Task prompt:
Show each line of the listing in which the word "Canvas" occurs.

Provided entries:

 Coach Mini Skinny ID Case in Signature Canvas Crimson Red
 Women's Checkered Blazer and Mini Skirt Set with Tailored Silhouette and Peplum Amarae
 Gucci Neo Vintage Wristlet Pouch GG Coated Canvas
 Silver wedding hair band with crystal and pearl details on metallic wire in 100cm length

...

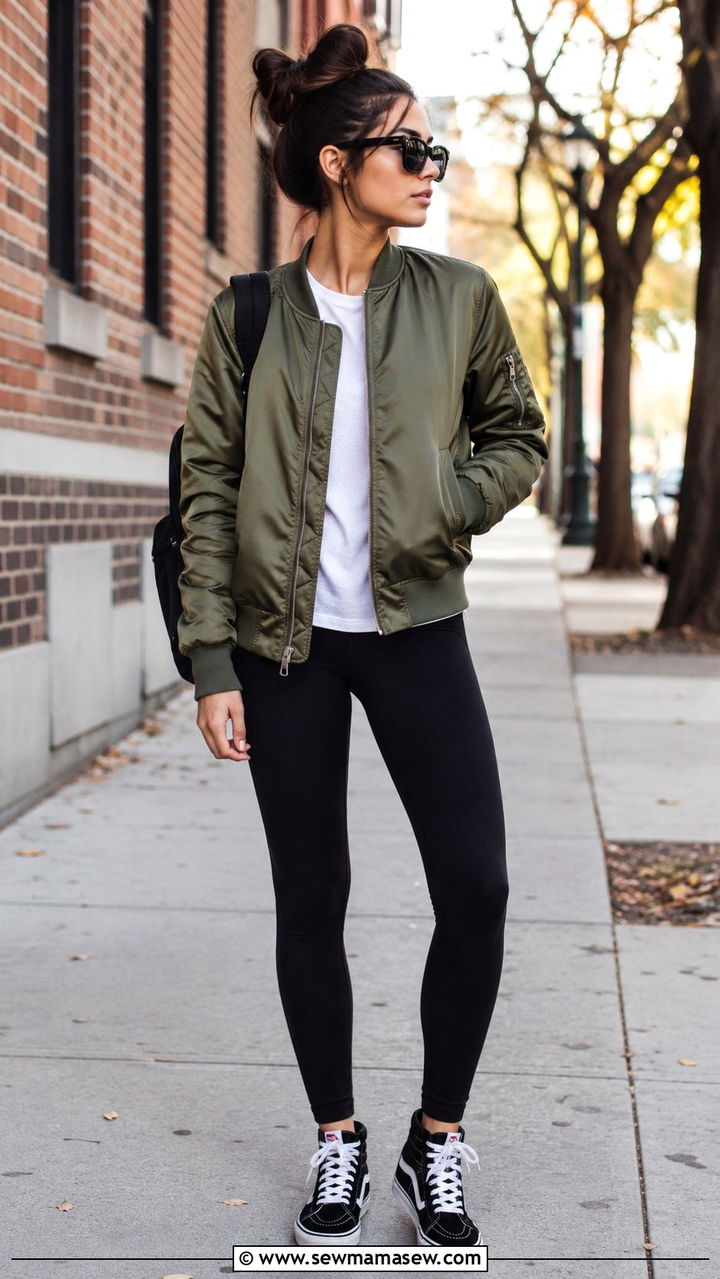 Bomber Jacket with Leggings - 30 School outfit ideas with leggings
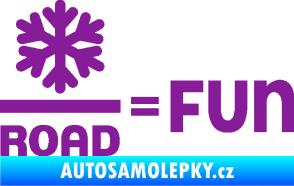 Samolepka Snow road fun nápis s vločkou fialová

Your response:
 Coach Mini Skinny ID Case in Signature Canvas Crimson Red
 Gucci Neo Vintage Wristlet Pouch GG Coated Canvas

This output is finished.